#### TASK GOAL:
Word for word, restate the listing; omit the pictures.

#### GIVEN DATA:
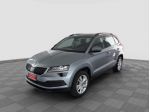 SKODA Karoq Karoq 1.6 TDI SCR DSG Executive rif. 23769786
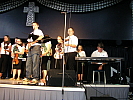 thumbnails/p8192497.jpg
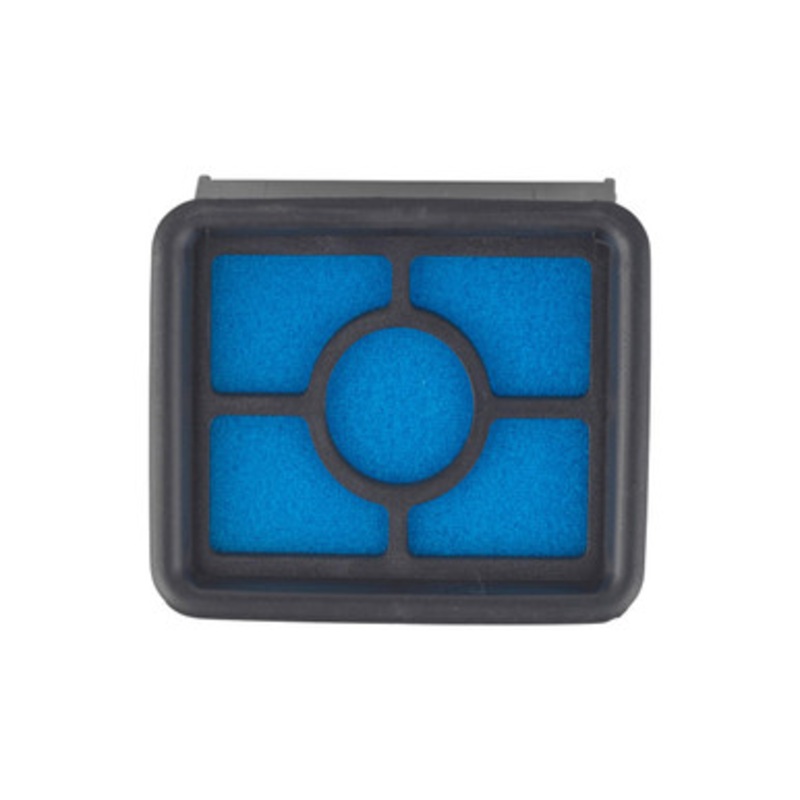 Foam Filter for All in One Floor Cleaner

#### ANSWER:
 SKODA Karoq Karoq 1.6 TDI SCR DSG Executive rif. 23769786
 thumbnails/p8192497.jpg
 Foam Filter for All in One Floor Cleaner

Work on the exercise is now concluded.